Information:
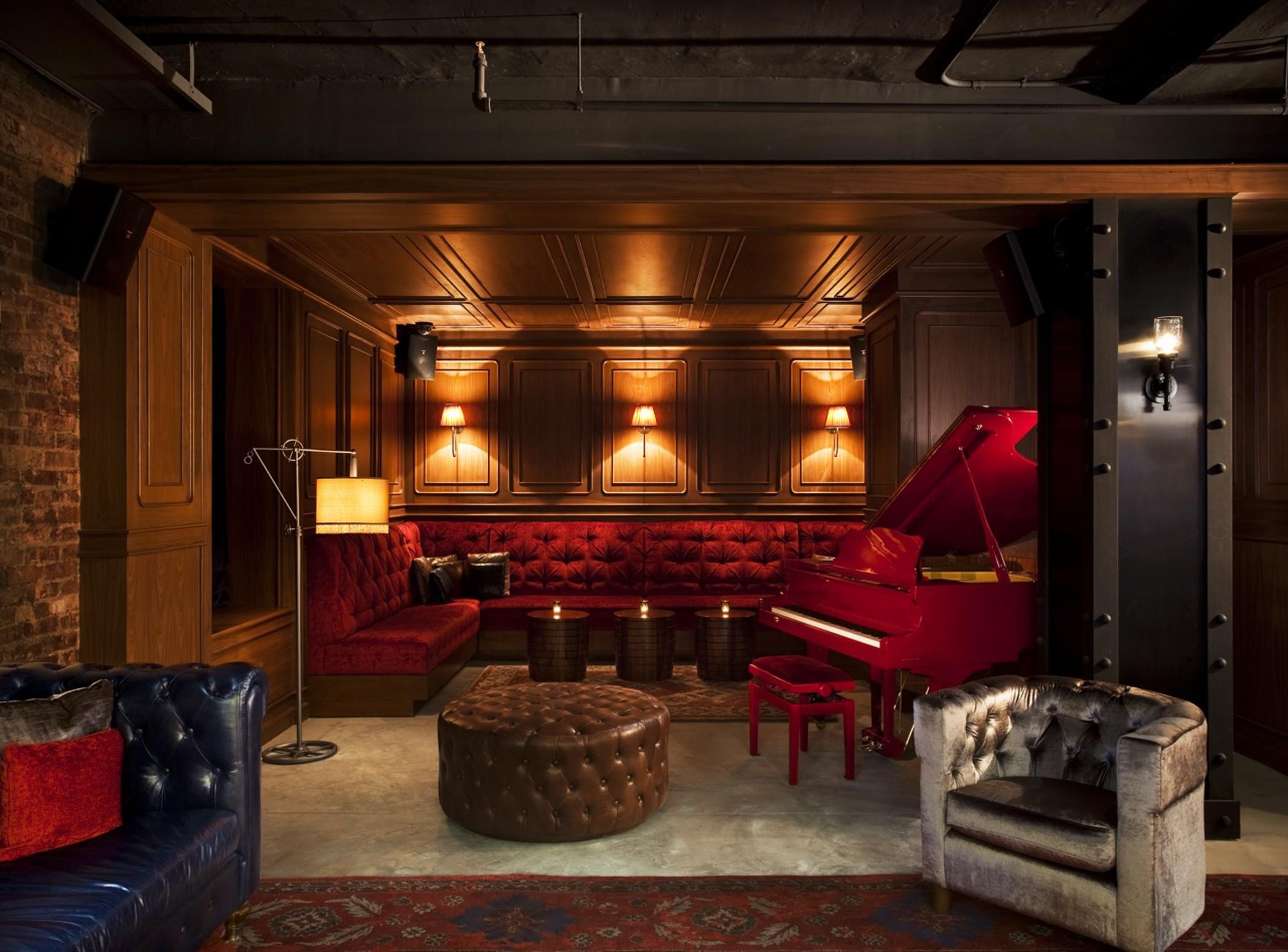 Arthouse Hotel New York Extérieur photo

...

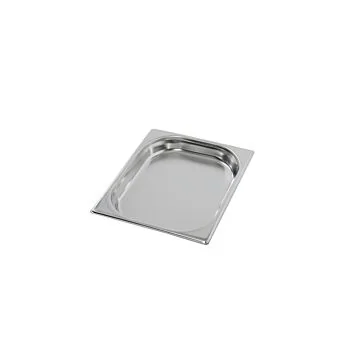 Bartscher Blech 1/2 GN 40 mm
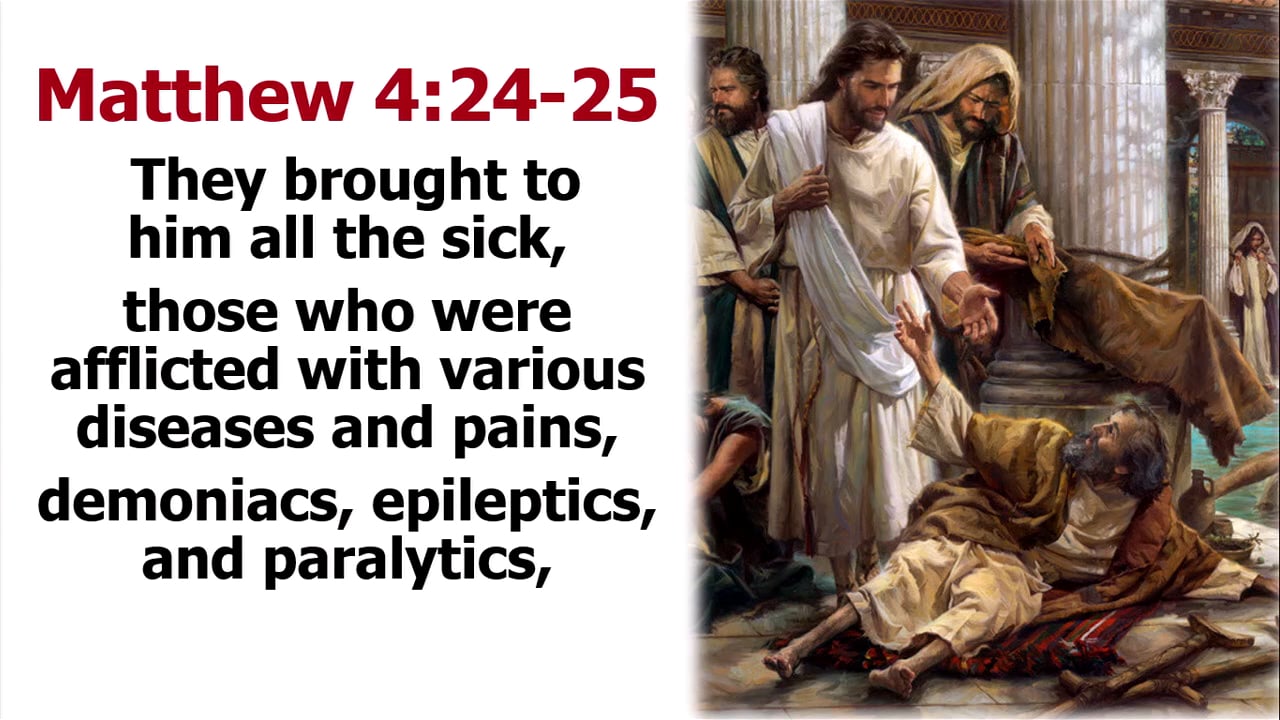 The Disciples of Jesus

==

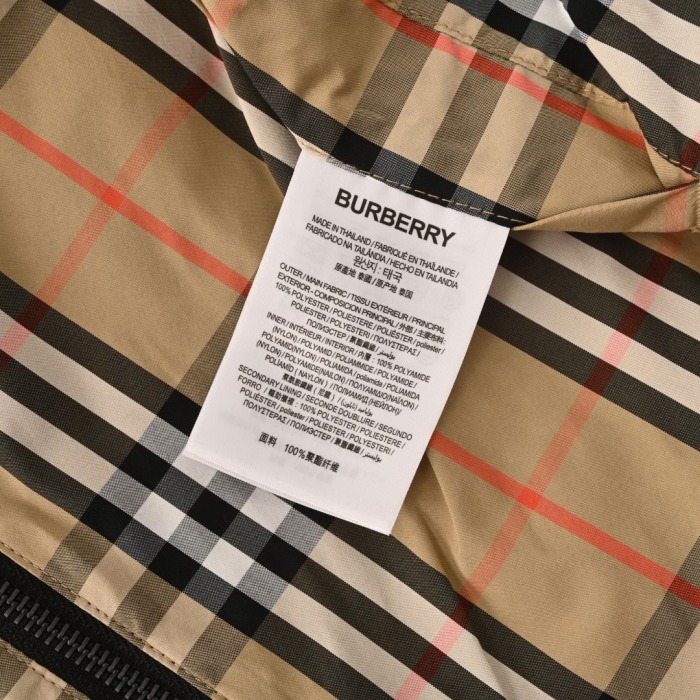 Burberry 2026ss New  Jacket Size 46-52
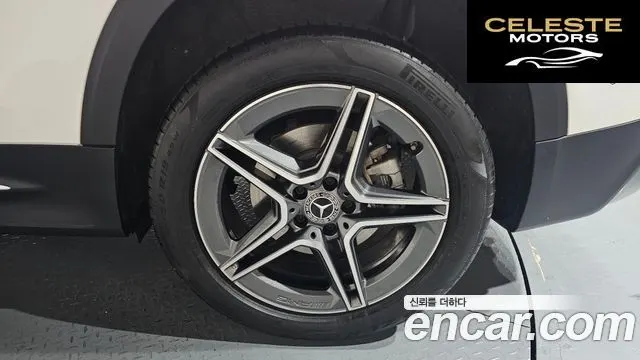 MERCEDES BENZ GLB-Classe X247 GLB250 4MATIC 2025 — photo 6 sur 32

What is required:
Excerpt from the records above: set down only the lines from the one that contains "Burberry 2026ss New" through the one that contains "MERCEDES BENZ GLB-Classe", inclusive, word for word. Pictures stay out.

Written reply:
 Burberry 2026ss New  Jacket Size 46-52
 MERCEDES BENZ GLB-Classe X247 GLB250 4MATIC 2025 — photo 6 sur 32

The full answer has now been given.